* [INSTRUCTIONS TO FOLLOW] Below are lines of records; copy exactly those from the one containing "Fly Bar Stool in Red by Zuo Modern" through the one containing "Gilet Tricoté Sans Manches", leaving the pictures behind.

* [MATERIAL PROVIDED]
-*-*-
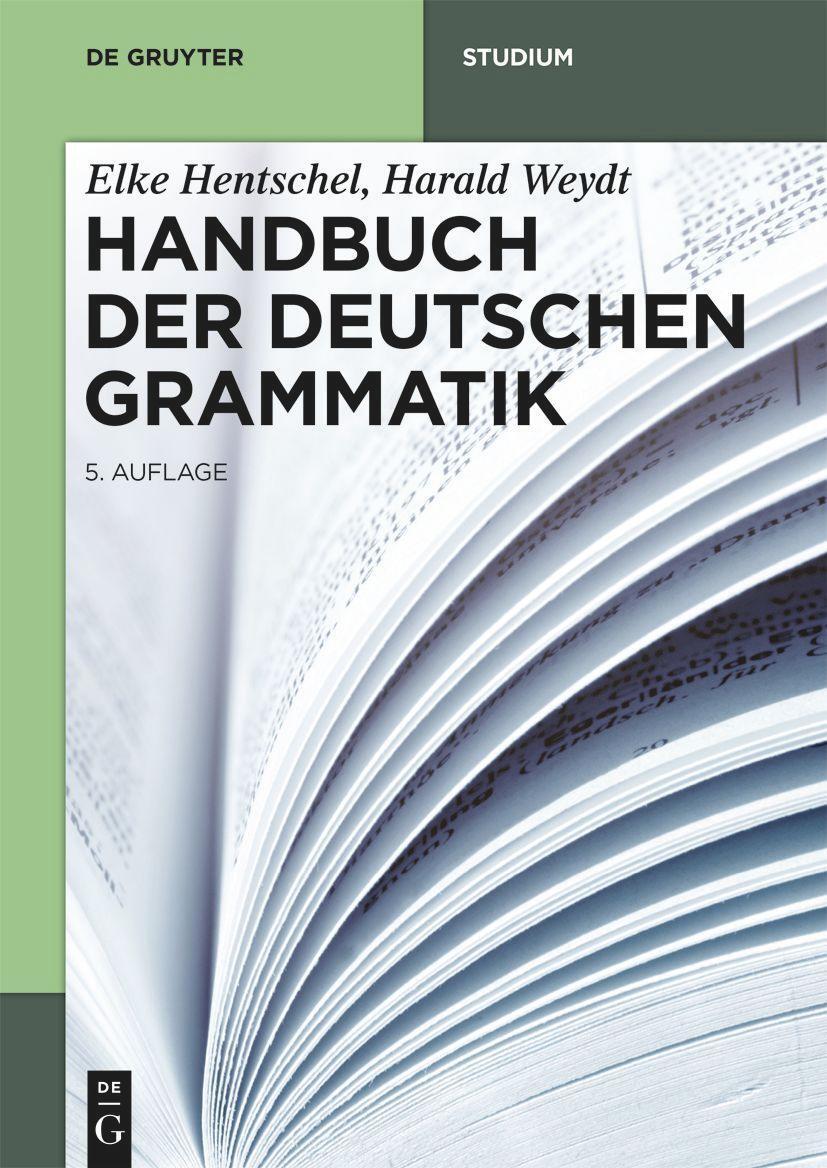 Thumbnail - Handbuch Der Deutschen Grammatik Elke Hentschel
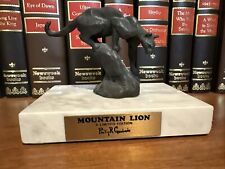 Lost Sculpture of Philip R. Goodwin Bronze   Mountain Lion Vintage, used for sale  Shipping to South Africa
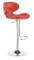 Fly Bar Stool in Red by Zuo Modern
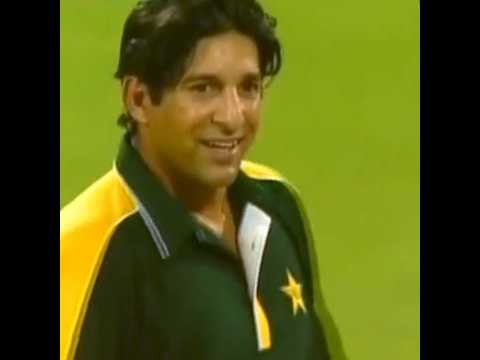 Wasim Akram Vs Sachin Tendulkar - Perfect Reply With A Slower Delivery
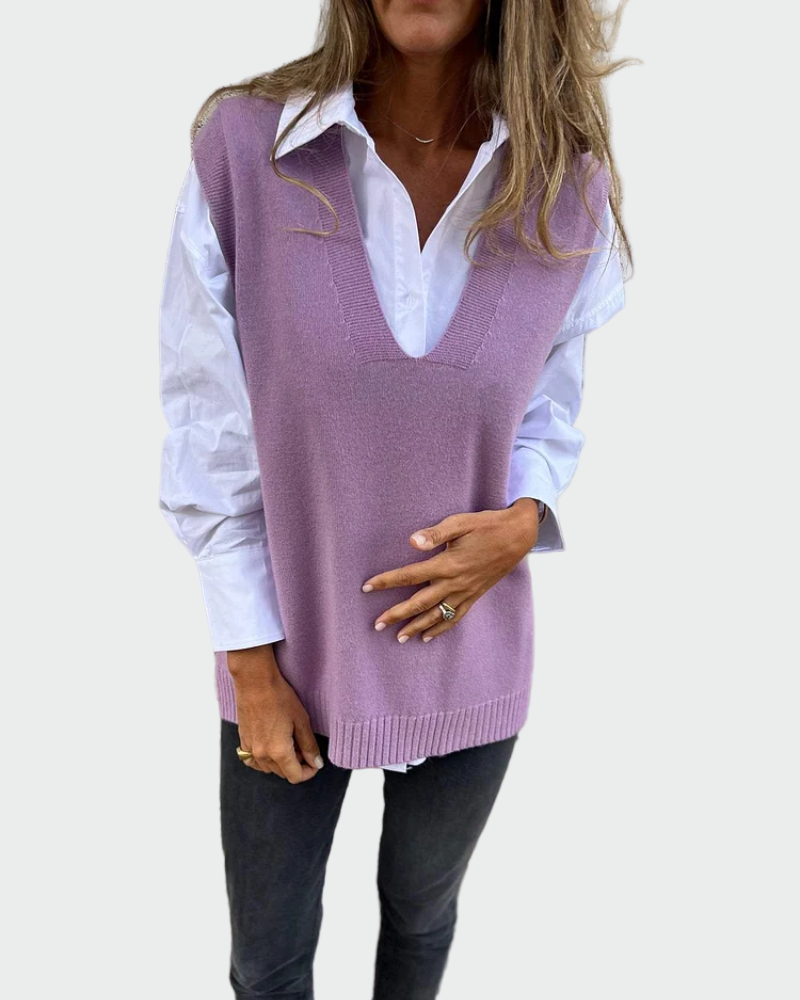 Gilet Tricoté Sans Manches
-*-*-
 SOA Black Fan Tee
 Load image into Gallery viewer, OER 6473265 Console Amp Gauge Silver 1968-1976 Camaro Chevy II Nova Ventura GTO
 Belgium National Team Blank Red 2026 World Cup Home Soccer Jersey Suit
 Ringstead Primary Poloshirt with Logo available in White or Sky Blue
-*-*-
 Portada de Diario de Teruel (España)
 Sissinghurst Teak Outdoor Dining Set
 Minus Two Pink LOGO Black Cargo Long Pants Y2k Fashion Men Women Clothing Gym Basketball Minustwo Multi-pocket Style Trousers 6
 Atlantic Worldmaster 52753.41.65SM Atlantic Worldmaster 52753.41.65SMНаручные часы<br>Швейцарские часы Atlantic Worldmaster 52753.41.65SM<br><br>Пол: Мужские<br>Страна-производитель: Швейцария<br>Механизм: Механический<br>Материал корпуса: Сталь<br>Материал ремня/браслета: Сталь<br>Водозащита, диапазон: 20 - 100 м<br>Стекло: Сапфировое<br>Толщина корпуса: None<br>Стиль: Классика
-*-*-
* [RESULT OF THIS TASK]
 Fly Bar Stool in Red by Zuo Modern
 Wasim Akram Vs Sachin Tendulkar - Perfect Reply With A Slower Delivery
 Gilet Tricoté Sans Manches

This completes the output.